• [Provided data]
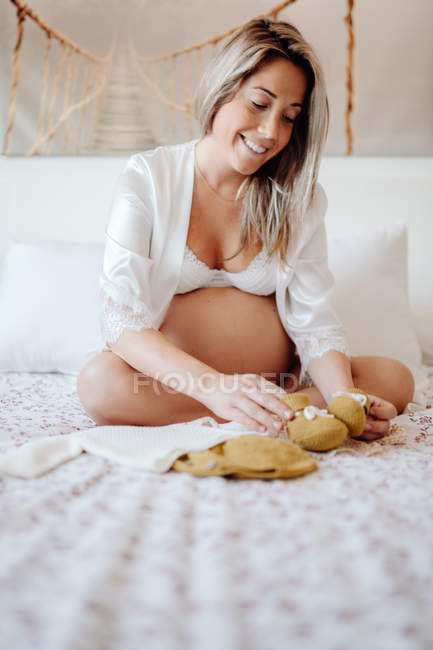 Mujer embarazada vestida con blusa blanca abierta y sujetador mostrando ropa para el feto mientras está sentada en la cama con las piernas cruzadas - foto de stock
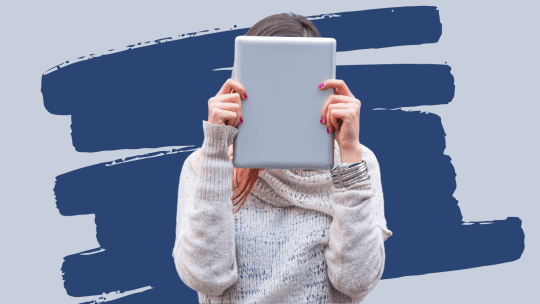 Woman embarrassed hiding behind tablet
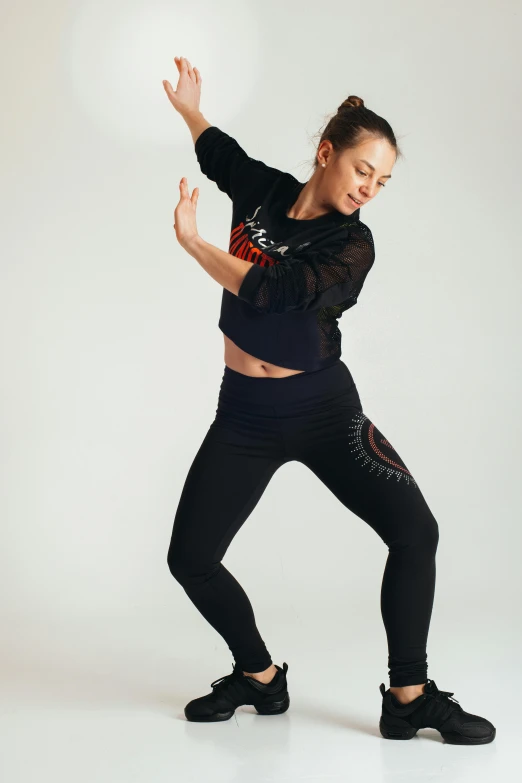 a woman in a black top and black leggings, arabesque, federation clothing, within radiate connection, ekaterina, sweat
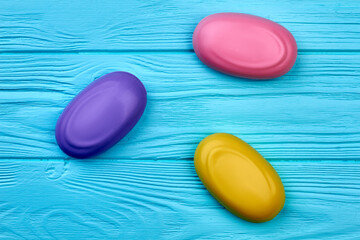Obraz na płótnie Canvas Three colored pieces of soap on blue wooden background.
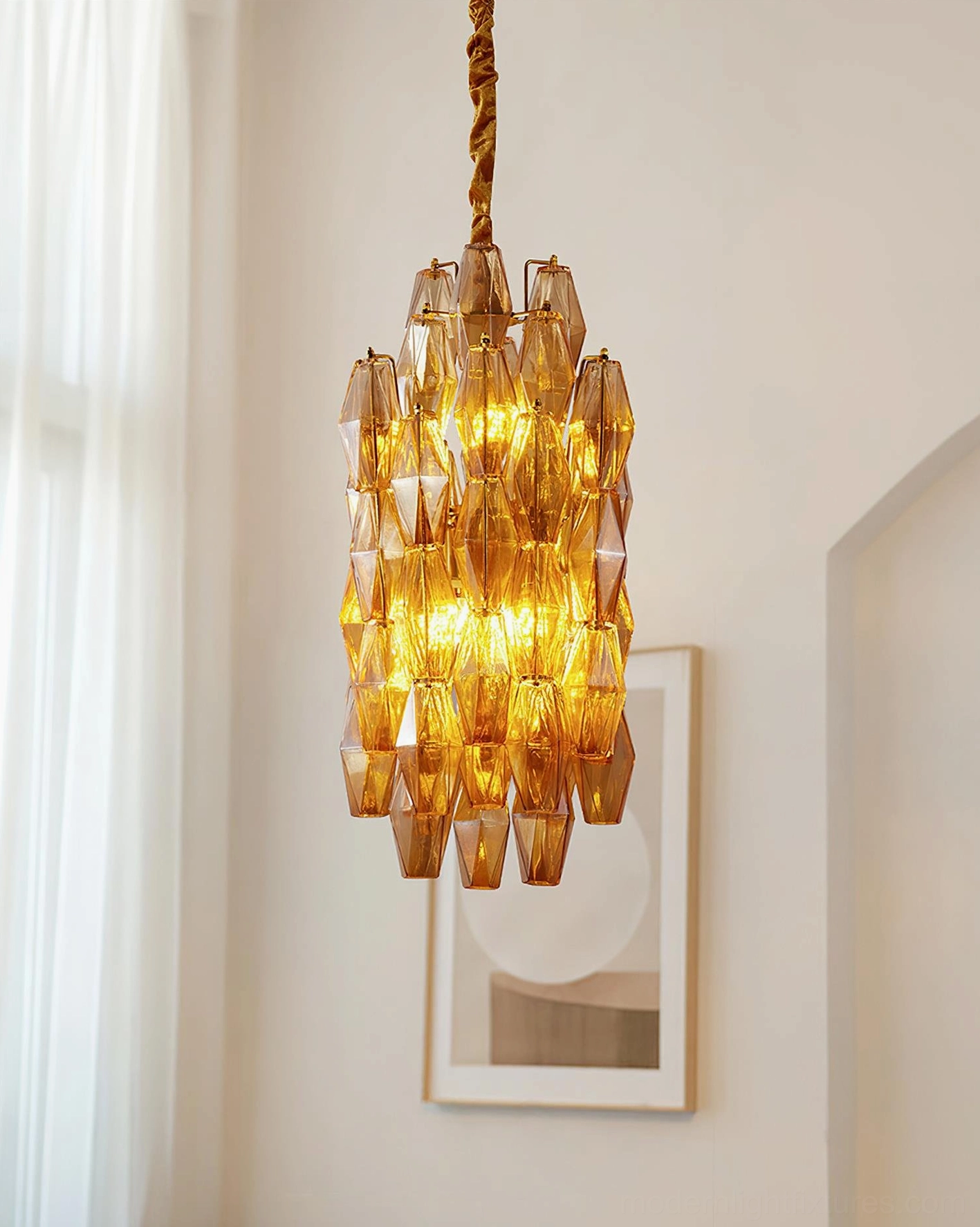 Velthra geometric pendant light with braided golden chain in hallway with warm accent lighting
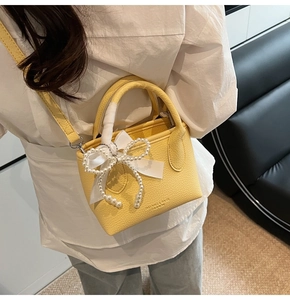 Detail of yellow mini tote bag featuring lychee texture and pearl bow charm accessory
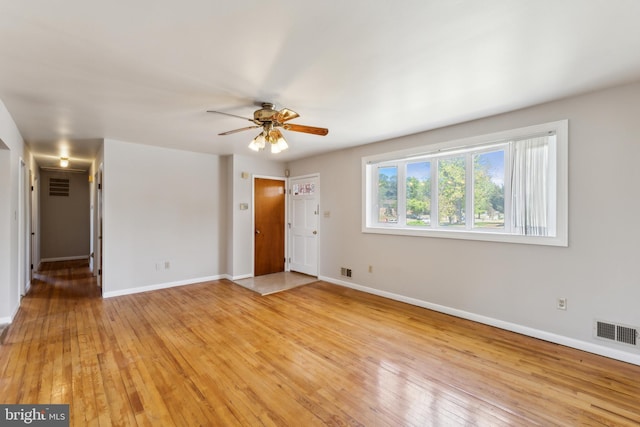 8601 Pretoria Ct, Clinton, MD 20735 - unfurnished room featuring baseboards, a ceiling fan, visible vents, and light wood-style floors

• [Work task]
Once the pictures are set aside, output the whole listing exactly.

• [Problem solution]
 Mujer embarazada vestida con blusa blanca abierta y sujetador mostrando ropa para el feto mientras está sentada en la cama con las piernas cruzadas - foto de stock
 Woman embarrassed hiding behind tablet
 a woman in a black top and black leggings, arabesque, federation clothing, within radiate connection, ekaterina, sweat
Obraz na płótnie Canvas Three colored pieces of soap on blue wooden background.
 Velthra geometric pendant light with braided golden chain in hallway with warm accent lighting
 Detail of yellow mini tote bag featuring lychee texture and pearl bow charm accessory
 8601 Pretoria Ct, Clinton, MD 20735 - unfurnished room featuring baseboards, a ceiling fan, visible vents, and light wood-style floors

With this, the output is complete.